The island that belongs to nobody!
Phu Quoc is a tiny island supposedly belonging to Vietnam. However on a map if you look at the position it actually is beyond the border of Vietnam and looks although it should be part of Cambodia. Also when you fly or get a boat into Phu Quoc you do not need a Vietnamese visa prior to arriving. Strange considering the rest of Vietnam is so strict on having a visa in place before entering the country, with exact dates of arrival and hefty costs. Rumour has it that the island was originally part of Cambodia but Vietnam just claimed it during the war. Whatever the story the fact remains...This island did not feel like part of Vietnam at all!

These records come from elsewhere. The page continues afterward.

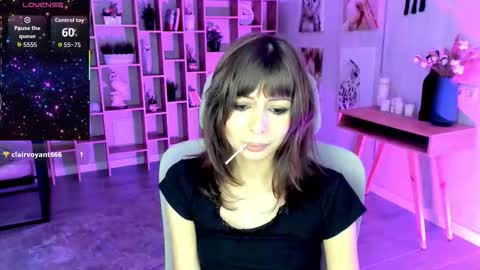 crystallbloom online show from November 10, 2025, 2:05 pm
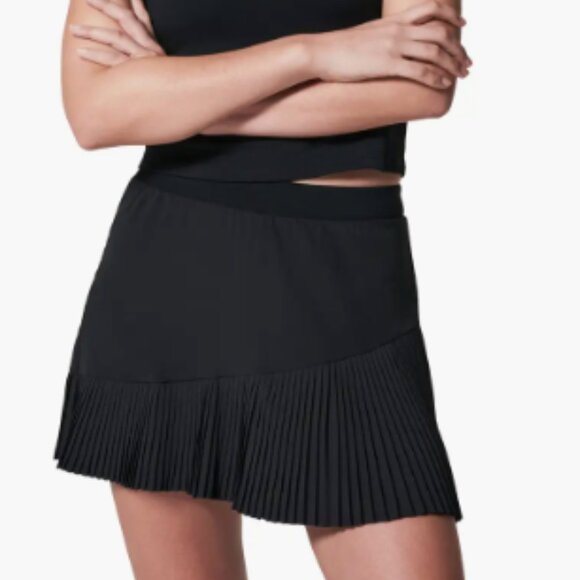Spanx Yes Pleats Black Tennis Skort Size Small Great Condition - Picture 1 of 6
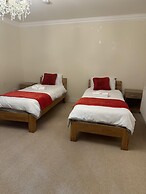 Captivating 5-bed House in Milton Keynes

After catching a night bus from Saigon we then waited at the ferry port for about 30 minutes before boarding. We handed our tickets over and were taken to our seats. Unlike the boats and ferries we were used to in Thailand this was all indoors, with seat numbers and porters to show you too your seat. Not laying on top of a pile of bags, or on the deck or by the ropes at the front or hanging off the sides all crammed on like the yanks in Macy's on Black Friday. Somehow, we managed to be in 1st class. We had a flat screen TV, air con, wifi and a sofa! Worlds apart from the usual backpacker service we were used too.
When we arrived we jumped in a mini bus and went to the town, after the usual wandering in and out of potential accommodation we found a nice little home stay and had the standard post night bus nap.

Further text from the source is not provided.